In The Order of the Phoenix film, near the end of the concluding battle at the Ministry, Lord Voldemort tells Harry that he is a fool and will lose everything. Harry looks straight at him and tells him that he has what Voldemort lacks, and that is friends and love. At that moment, Harry feels sorry for him. How many professional people in hearing this exchange will look at Harry with longing for the same type of camaraderie and togetherness?


Frodo’s suffering with Sam

The closest contemporary literary example to Harry Potter’s suffering is the story of Frodo’s journey to Mount Doom in the Lord of the Rings. Frodo steps forward and accepts the role of the sufferer as ringbearer. He is able to do so because a fellowship of men, hobbits, elves, and trolls join him in the journey. Ultimately his journey to cast the ring into the fire that will consume it is a lonely one, shared only with his friend Samwise Gamgee. Throughout Peter Jackson’s treatment of Tolkien’s mythic story, we see Frodo change as he absorbs the suffering that comes with being the ringbearer. Frodo’s greatness comes from his determination to see his quest through to the end no matter what the consequences. Through suffering and the acceptance of his own mortality, Frodo does his duty and accomplishes what no other character in this story could do. Through the faithful long-suffering friendship of Sam, Frodo is able to bear the suffering through to the end of his quest. For Frodo, this suffering remains a mark forever on his life, a living presence that eventually leads him away from the Shire.
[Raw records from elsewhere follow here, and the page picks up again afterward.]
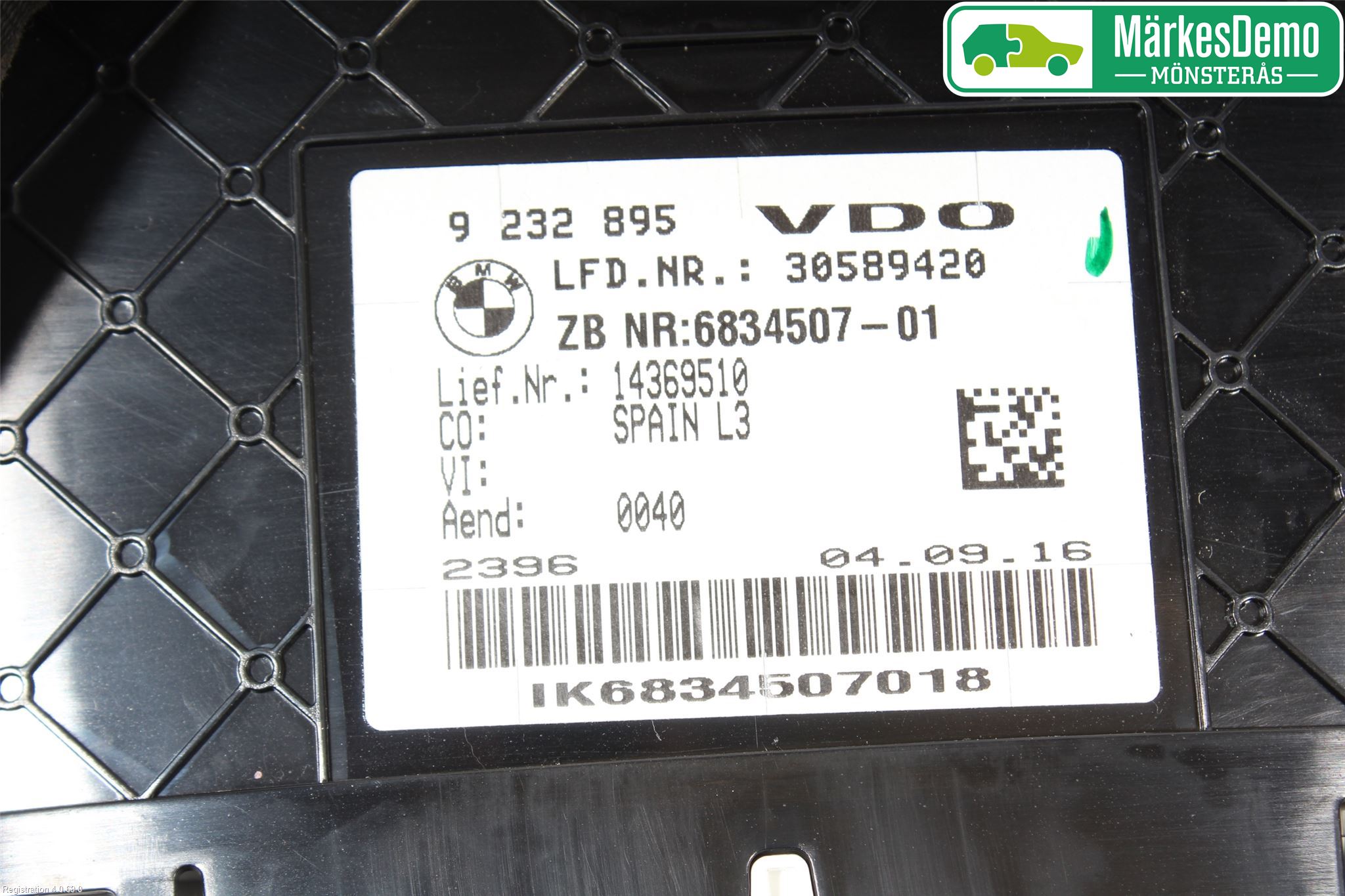 BMW 3 F30/F31/F80 12-19 Instr Kombinert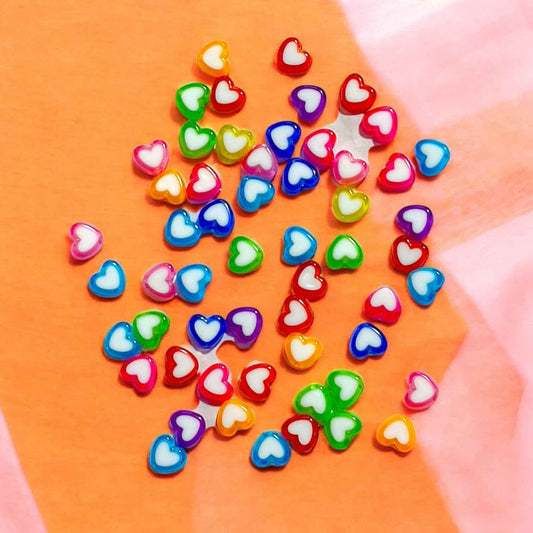 Acrylic Heart Bead Charm - 10 Pcs Mixed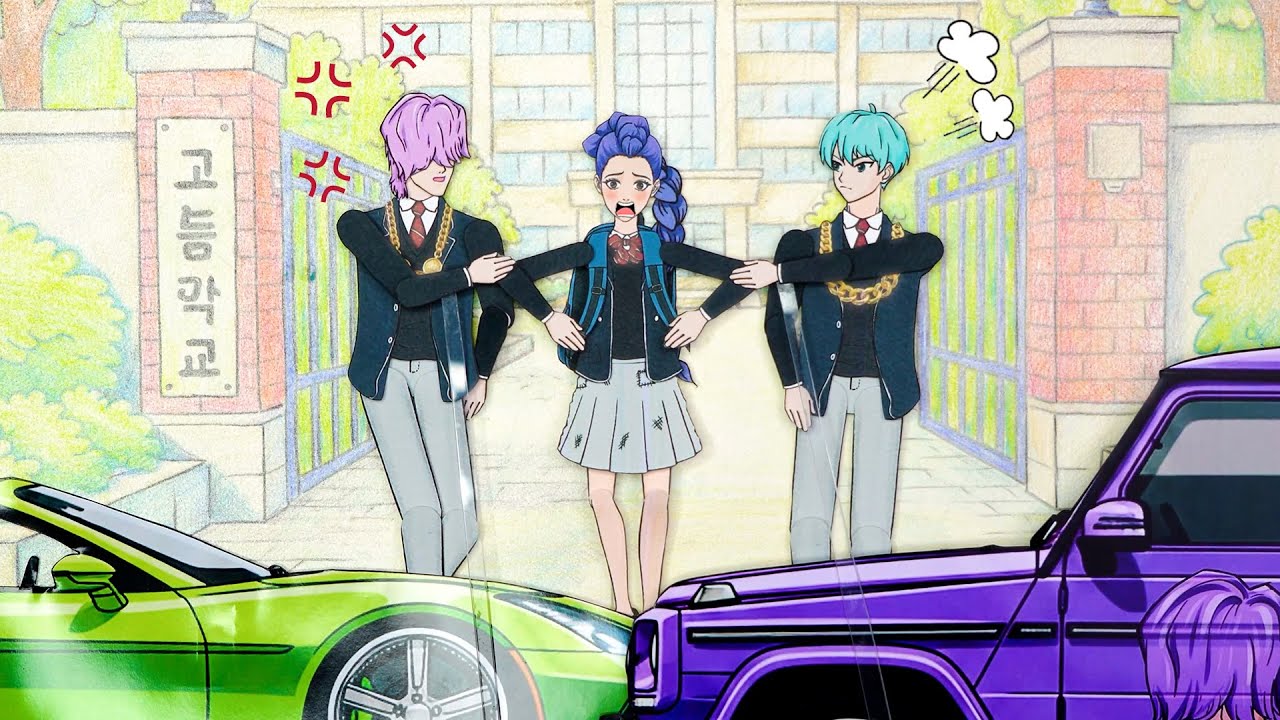 Poor JUMI!! Which One is Her True Love...School Love Stories ♥️ Kpop Demon Paper Doll Music Video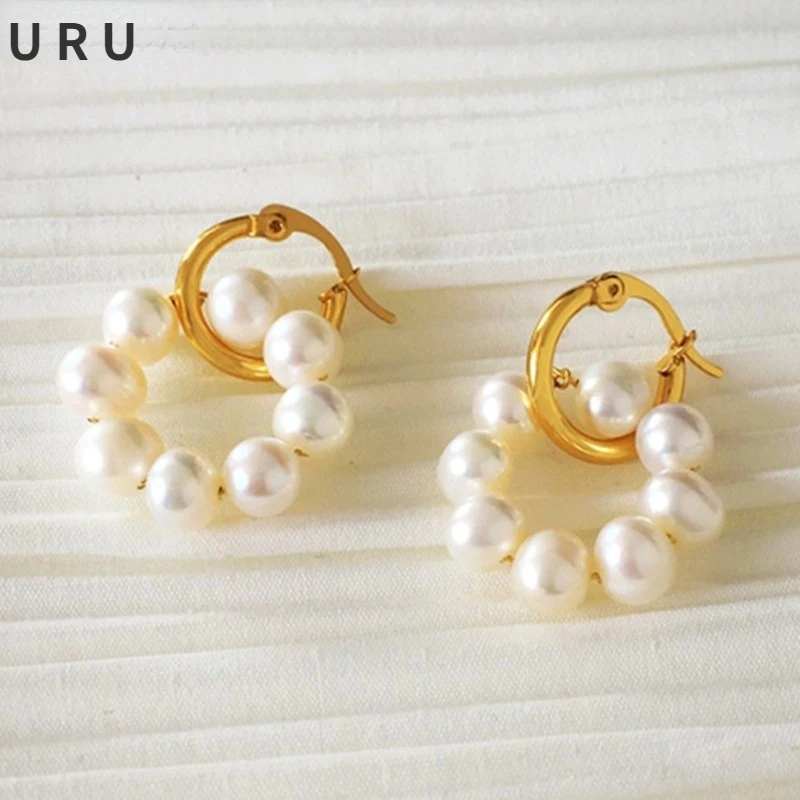 

Modern Jewelry High Quality Brass Round Circle Earrings Elegant Temperament Round Pearls Drop Earrings For Women Party Gifts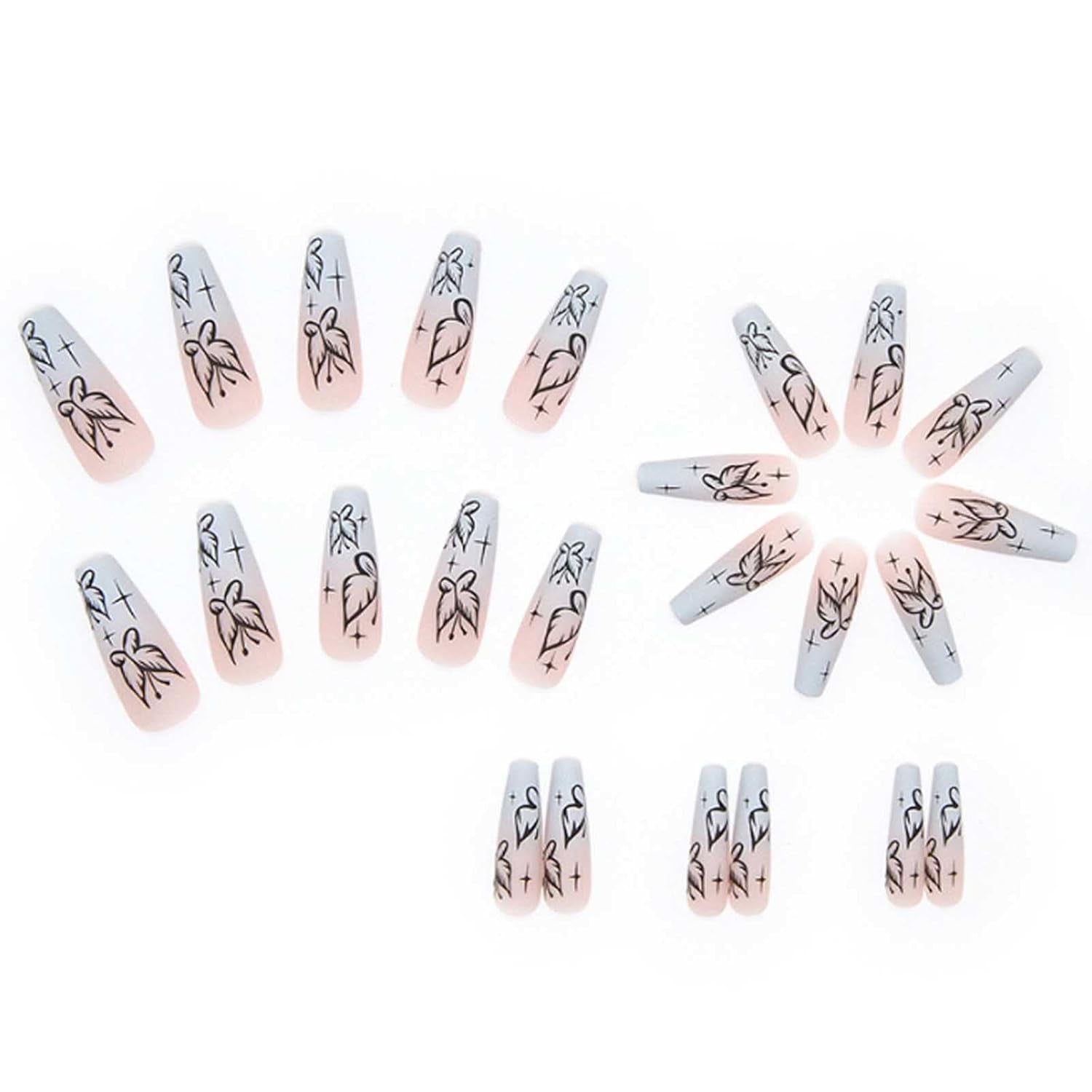 Gorgeous Long Coffin Butterfly Press-On Nails - 24PCS Matte Acrylic Full Cover Ballerina Style for Women and Girls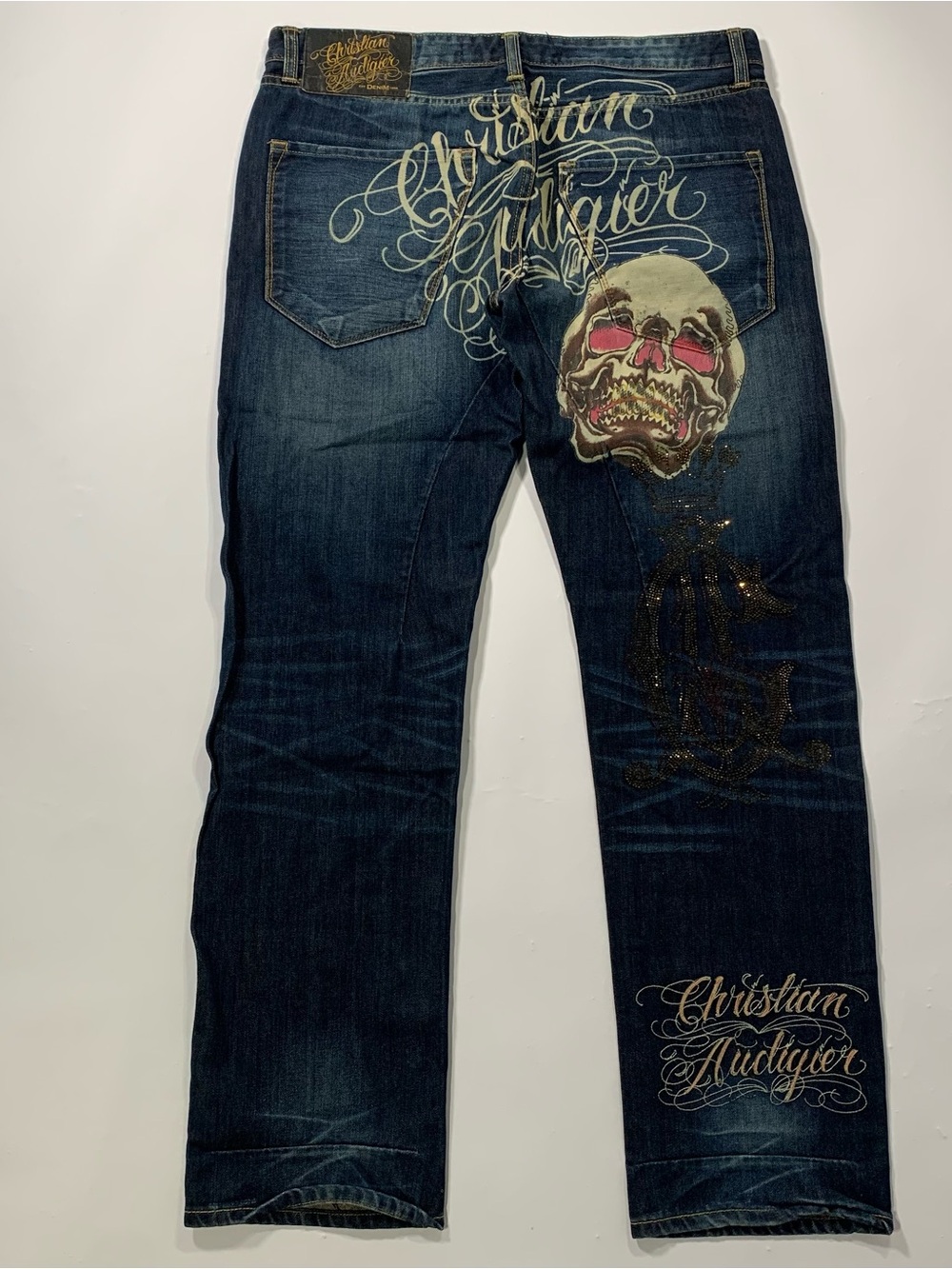 Vintage 2000s Christian Audigier Skull Rhinestone Jeans 36x34
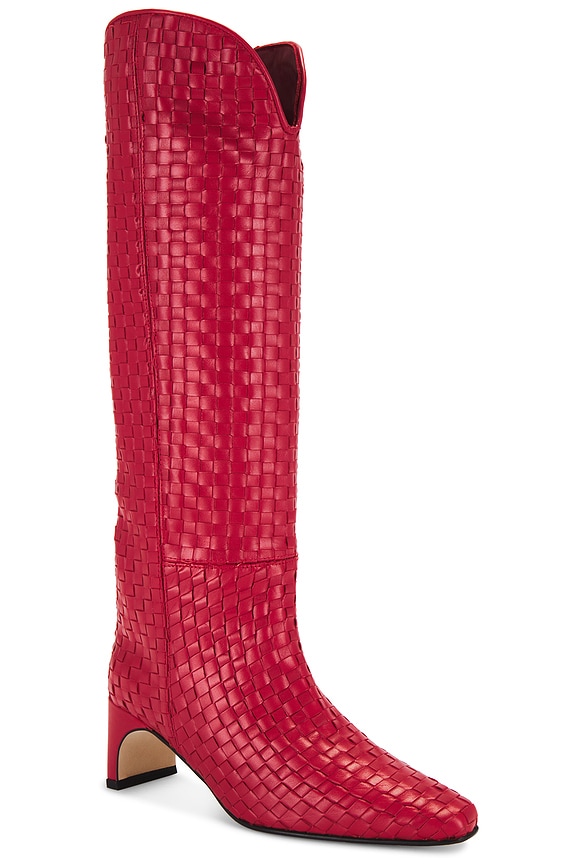 view 2 of 5 Lennox Boot in Crimson Red Woven Calf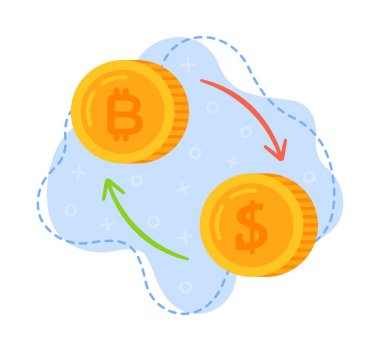 Döviz kurunun vektör çizimi. Para birimi çevirisi. Bitcoin 'den dolara para transferi kavramı. Beyaz arkaplanda mavi leke. 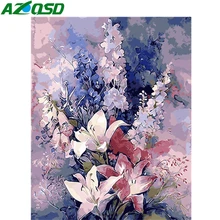 AZQSD DIY картина маслом по номерам Цветок Unframe для взрослых ручная роспись подарок Рисование Набор цифр ваза на холсте домашний декор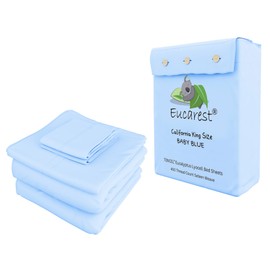 EUCAREST 100% Eucalyptus Tencel Bed Sheets | California King | Organic | Ultra Soft | Cooling for Hot Sleepers | Hypoallergenic | Thermal Regulating | Deep Pocket | Fits 18" Mattress - Baby Blue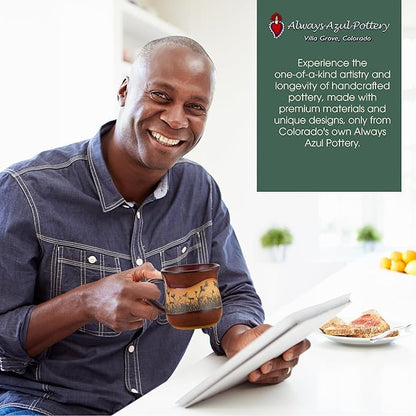 ALWAYS AZUL POTTERY Bearwrap 14 Oz. Mug in Seamist Glaze - Handmade Ceramic Coffee Mug - Stylish and Unique Handcrafted Artistic Drinkware - Polished Clay Cups, Great for Coffee, Tea, and Art Lovers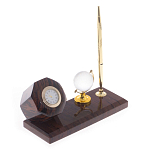 Настольный письменный набор с глобусом и ручкой из натурального обсидиана World Globe варинант исполнения - 2 | Loft Concept в Брянске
Suffering, Heroism, and Community

It is not unusual for contemporary films to feature suffering as a human experience. Often this suffering is viewed as the victimization of a person, rather than an experience that leads to strength, courage, and friendship.

As we see in Harry Potter, the core of his suffering is from the loss of his parents. Death in our society is treated as an inconvenience. It is the most inexplicable experience. Our culture hates to acknowledge our mortality. We retreat into unreality as a way of not dealing with it. Yet as we see in Harry Potter, a story that takes place in a fantastic world of wizards and witches, reality is filled with death and suffering. Out of this experience comes personal greatness and the salvation of community.

In Star Wars: The Phantom Menace, Yoda says, Fear is the path to the dark side. Fear leads to anger. Anger leads to hate. Hate leads to suffering. I sense much fear in you.”  This is the conventional wisdom of our time. We run away from the emotions of fear, anger, and hate because we do not want to suffer. What Yoda does not say, and what we see in Harry, is that these feelings of fear, anger and hate are real. Most of us suffer in silence because we are afraid to face this reality. When we accept suffering's reality, we can discover virtues that bring strength. Through Harry, we see not a person who has given in to his anger. Rather, we see his anger in the context of the love and fellowship of his friends. They are the counterbalance that transforms the sufferer from victim to hero.


Finding Strength in Suffering

I can’t tell you that you will find strength through your own experience of suffering. It is for you to discover, on your own, with people who care about you, the meaning of the suffering you may experience. Regardless of whether your suffering is self-imposed or an affliction from some other source, recognize that your struggle to find strength will make you a person who is able to befriend others who suffer in the same way. Ron and Hermione’s friendship with Harry was deepened by their sharing in his experience of suffering. Frodo and Sam were transformed through the suffering they shared. I don’t believe we can go looking for people who will share our suffering. Rather, the key to finding strength is our recognition and empathetic response to other’s suffering. In effect, we must give strength to find the strength that we need.

The embarrassment of failure, the humiliation of a lost job, the emptiness that comes with the loss of a loved one, or the anger that accompanies being the victim of another person’s cruelty can become a source of strength for greatness, if we let it. We see this in Harry. Can we see it in ourselves? I hope so.